About this task:
If a line in the data below contains "Used", copy it.
== Segment start ==
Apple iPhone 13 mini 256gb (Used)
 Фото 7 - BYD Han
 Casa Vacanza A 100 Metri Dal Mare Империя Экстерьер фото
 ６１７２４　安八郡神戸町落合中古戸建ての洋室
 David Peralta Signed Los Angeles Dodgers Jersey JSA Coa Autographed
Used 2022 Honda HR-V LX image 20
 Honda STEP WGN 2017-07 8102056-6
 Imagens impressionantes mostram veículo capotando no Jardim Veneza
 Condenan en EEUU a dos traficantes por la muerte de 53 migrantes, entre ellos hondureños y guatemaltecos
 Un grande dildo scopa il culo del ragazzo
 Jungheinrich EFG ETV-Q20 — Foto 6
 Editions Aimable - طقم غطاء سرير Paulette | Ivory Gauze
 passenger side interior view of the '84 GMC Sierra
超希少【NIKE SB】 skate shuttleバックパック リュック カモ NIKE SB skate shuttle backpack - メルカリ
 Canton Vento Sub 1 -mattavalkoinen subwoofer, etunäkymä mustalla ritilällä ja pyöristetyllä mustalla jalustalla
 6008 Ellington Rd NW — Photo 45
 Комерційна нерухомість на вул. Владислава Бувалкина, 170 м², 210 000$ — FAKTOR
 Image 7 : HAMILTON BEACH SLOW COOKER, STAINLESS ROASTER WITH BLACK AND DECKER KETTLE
== Segment end ==
Answer to this problem:
Apple iPhone 13 mini 256gb (Used)
Used 2022 Honda HR-V LX image 20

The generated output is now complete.